Marino se da cuenta de que la doctora Self ya no está al teléfono; entonces cruza el porche silencioso como una sombra y sale por la puerta de cristal. La cierra sin hacer ruido y toma el camino que rodea la piscina, atraviesa el huerto de cítricos pintados con una franja roja y pasa junto a la pequeña casa blanca de estuco en la que vive la doctora Self pero en la que no debería vivir. Simplemente, no le conviene vivir allí. Cualquiera podría llegar andando hasta la puerta de su casa. Cualquiera podría llegar andando hasta su consulta, situada en la parte de atrás, junto a la piscina sombreada por las palmeras. No es seguro. Todas las semanas la escuchan millones de personas y ella viviendo de esta manera. No es seguro. Debería dar media vuelta, llamar a la puerta y decírselo.
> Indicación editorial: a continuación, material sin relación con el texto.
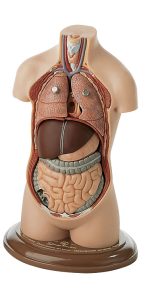 Klein Anatomiemodel Torso Jongen zonder Hoofd, 7-delig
Su decorada Screamin Eagle Deuce está aparcada en la calle; da una vuelta a su alrededor para cerciorarse de que nadie le haya hecho nada mientras estaba con la doctora. Piensa en el neumático pinchado. Como le ponga las manos encima al que se lo hizo, sea quien sea… Una ligera capa de polvo cubre las UamaS que destacan sobre la pintura azul y los cromados, y eso le irrita profundamente. Ha limpiado la moto esta mañana, la ha pulido centímetro a centímetro, y primero se encuentra con un neumático pinchado y ahora esta capa de polvo. La doctora Self debería tener un aparcamiento cubierto, debería tener un maldito garaje. Su bonito Mercedes blanco descapotable se encuentra en el camino de entrada, donde ya no cabe otro coche, de modo que sus pacientes aparcan en la calle. No es seguro.

Desbloquea el manillar de la moto y el contacto y luego pasa una pierna por encima del sillín, a horcajadas, pensando en lo mucho que le gusta no vivir ya como el pobre policía de ciudad que ha sido durante casi toda su vida. La Academia le proporciona un Hummer H2, negro y con motor V8 turbodiésel de 250 caballos, transmisión de cuatro velocidades, baca exterior para transportar pesos, torno elevador y equipamiento de todoterreno. Compró la Deuce y la decoró tal como le pedía el cuerpo y, además, puede permitirse el lujo de tener un psiquiatra. Imagínate.

Pone punto muerto y aprieta el botón de encendido mientras contempla la atractiva casita blanca en la que vive pero no debería vivir la doctora Self. Agarra el embrague y acelera un poco el motor haciendo rugir los tubos de escape ThunderHead, mientras, a lo lejos, se distingue el destello de los relámpagos y un siniestro ejército de nubes que se repliegan descarga su artillería sobre el mar.